After a few weeks of planning and starting to get the project going, I have made Maxton's Memorable Moments it's very own blog. I am very excited about this project and it has been very therapeutic for me. I hope that the families that it can help will be touched by Max's story and also be able to remember their beautiful angel whenever they look at it. :-) I added a link on the right side of this page (see the pretty butterfly at the top) to the blog for MMM. Anyways, I just wanted to thank everyone for their support. I have received great feedback on this project and look forward to helping many families in the future. I also have received good feedback on the book and am working on trying to find a way to publish it. Not sure if it will happen anytime in the near future or not, but I am hoping so!

My CDH family

Hey everyone. Things are going okay here. I have my good days and my bad days, but am managing. It is weird how life seems to go on even in the midst of such tragic events. I miss my baby everyday and think of him. I wish that he could be here with me. I wish I were still at the hospital seeing him and preparing to bring him home, but I still believe that all of this happened for a reason and am at peace with the fact that Maxton likely would not have had a very good quality of life, despite how awesome I know I would have tried to make it. :-) Anyways, this post is to give all my non CDH friends some people to add to their prayer lists- all of these blogs are on the side, I am just to lazy to link them here. :-)

In the hospital:
Ruby- on ECMO, needs many prayers that she will stabilize soon!
Carter A- was born earlier this week, having some big ups and downs.
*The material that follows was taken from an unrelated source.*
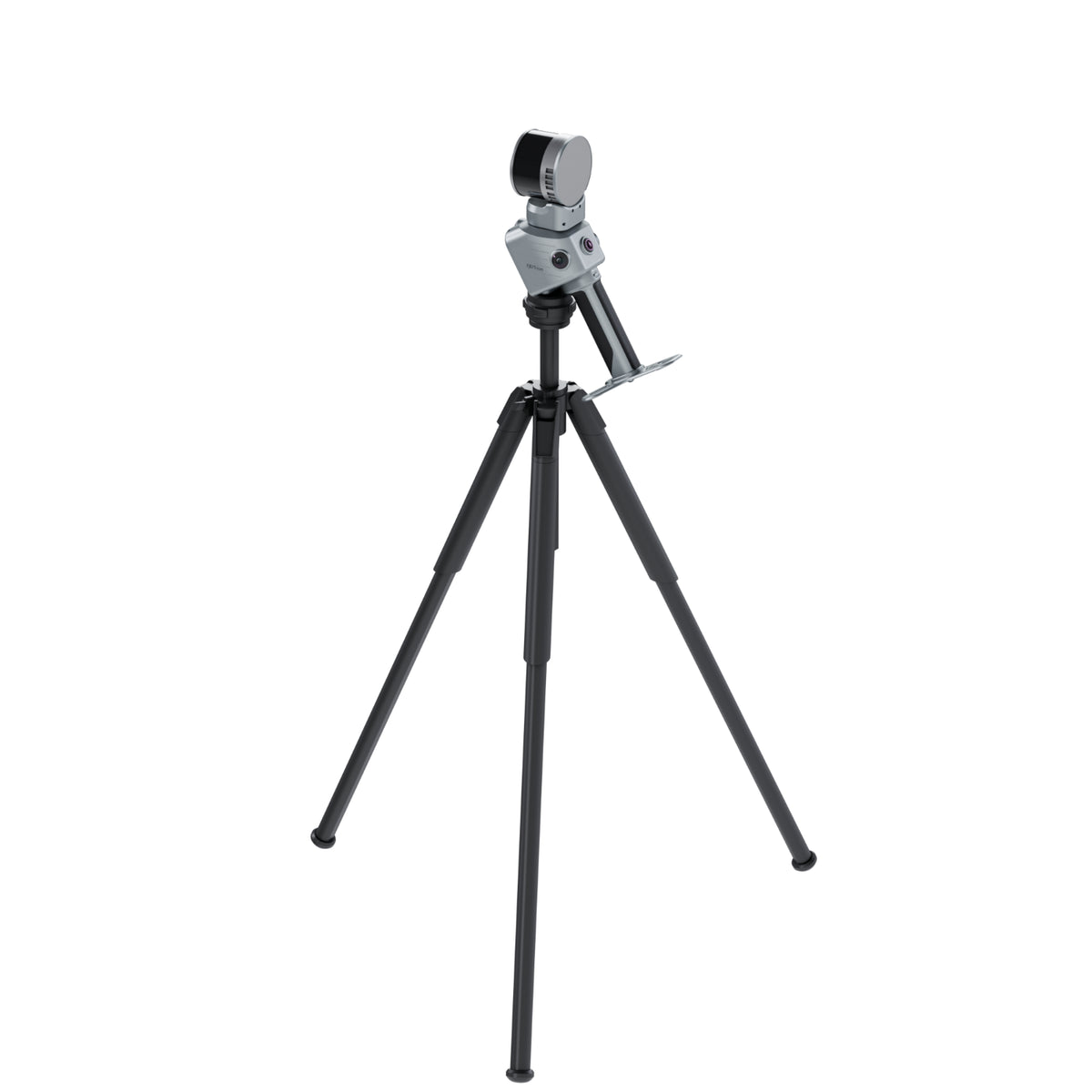 FJD Trion T1 Hybrid Mobile & Terrestrial LiDAR Scanner FJD-TRIONT1-LDR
ECMO has been mentioned but not utilized as of last update.
Jaime- this little guy is a few weeks old and having his repair surgery TODAY! Please pray extra hard for Jaime, who also has hemophilia and possibly a skin disorder.
Sofie- Sweet Sofie had reherniated and has had another repair. Hopefully, this will stick, at it was a more invasive procedure than the rest. She is doing well in recovering. Sofie is 1 year old.
Jon- Jon was born a couple of weeks ago and is doing well. Has had his repair surgery and was able to be held by his parents recently!
Rory- Rory was born in Feb. at Vanderbilt. I met his family while there with Maxton. Rory is improving and will hopefully be making the journey home here soon! Pray that he continues to do well!!!
Jacob - Jacob is another baby I met while at Vanderbilt. He was born in Jan. and will also hopefully be making the journey home too! His family is awesome and I know they can't wait to have him with them.

Recently went home:
YAY!!! Kayla and Charlie were both discharged this week from the same hospital. :-) I know their parents are so happy to have them there and I am very happy for them.

Avery- due here in a couple of weeks. Those last few weeks were super hard for me, so please pray for her family!
Kamryn and Brooke- the twins are due here in June, though the may be early since they are twins! :-) Kamryn has CDH. Please pray for her awesome family.
Giavanna- also due in June!
James- also due in June in the UK!
Ireland- I think is due in August. Her family recently found out about the diagnosis and her mom seems like such a trooper. They have a hard road as well trying to learn all about CDH.

Thanks guys! There are alot of CDH babies due soon and alot still in the hospital. These families are all awesome and each has their unique struggles. It amazes me how little is truly known about CDH. Spread the word!!!